Demokratie-Standards des Westens abgelehnt
Putin erklärte, er achte die Führer der beiden Oppositionsparteien, den Nationalisten Wladimir Schirinowski und den KP-Chef Gennadi Sjuganow – beide kandidieren zu den Präsidentschaftswahlen. Dass sie „Patrioten“ sind, hätten die beiden Politiker beim Kampf gegen den Terrorismus bewiesen. Dass eine Vielzahl von Parteien zu Instabilität führt, sähe man in der Ukraine. Offenbar seien die Menschen in Russland zufriedener mit ihrer Regierung als in Deutschland, wie die Wahlerfolge der Ex-Kommunisten dort zeigten. Russland werde sich bei der Wahlbeobachtung der Präsidentschaftswahlen an die Verpflichtungen halten, die man im Rahmen der OSZE eingegangen sei. Man werde sich aber nicht vorschreiben lassen, wie viele Wahlbeobachter für welchen Zeitraum eingeladen werden.
Fazit: Putin möchte selbst bestimmen, was Demokratie ist.
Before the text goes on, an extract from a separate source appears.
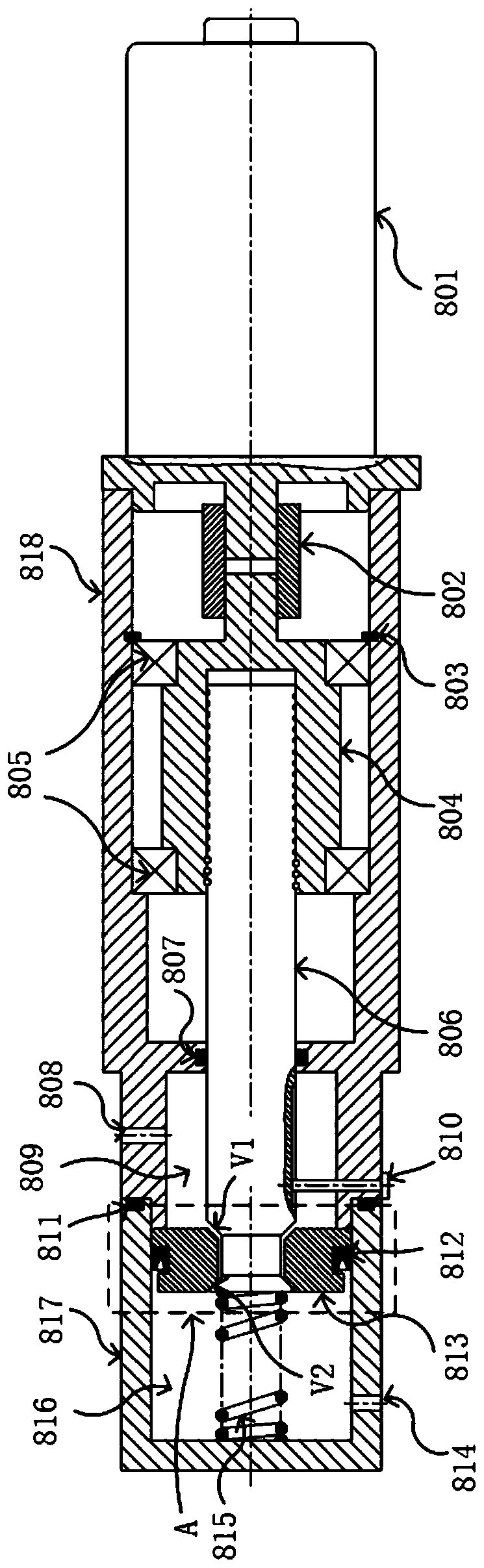 Time-sharing autonomous braking system with failure labor backup function and baking method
Die im Westen üblichen Demokratie-Standards lehnt er ab.
Das Verhältnis zu den USA ist angespannt
Wegen des Streits mit den USA um das Projekts eines Raketenabwehrschirms haben sich die Beziehungen verschlechtert. Niemand habe die Polen und Tschechen gefragt, ob sie eine Raketen-Abwehr wollen, erklärte Putin und beschuldigte „bestimmte Kräfte“ im Westen, eine „antirussische Stimmung“ zu schüren. Russland verfolge keine „aggressive Politik“, sei aber „verpflichtet“, auf die amerikanische Raketen-Abwehr zu reagieren. Russland werde seine „Interessen schützen“, bekräftigte Putin.
Fazit: In der Sicherheitspolitik spricht Putin eine andere Sprache als der Westen. Den Konflikt um das Raketenabwehrsystem will er aber nicht ausufern lassen.
Putin will auf den Posten des Premiers wechseln
Nach der Wahl des neuen Präsidenten am 2. März will Putin auf das Amt des Regierungschefs wechseln. Zu seinem Nachfolger Dmitri Medwedjew habe er „volles Vertrauen“. Über die genaue Arbeitsverteilung werde er sich mit ihm einigen, sagte Putin.
Fazit: Konflikte zwischen Putin und seinem wahrscheinlichen Nachfolger sind nicht zu erwarten. Möglicherweise wird Putin aber 2012 wieder für das Präsidentenamt kandidieren.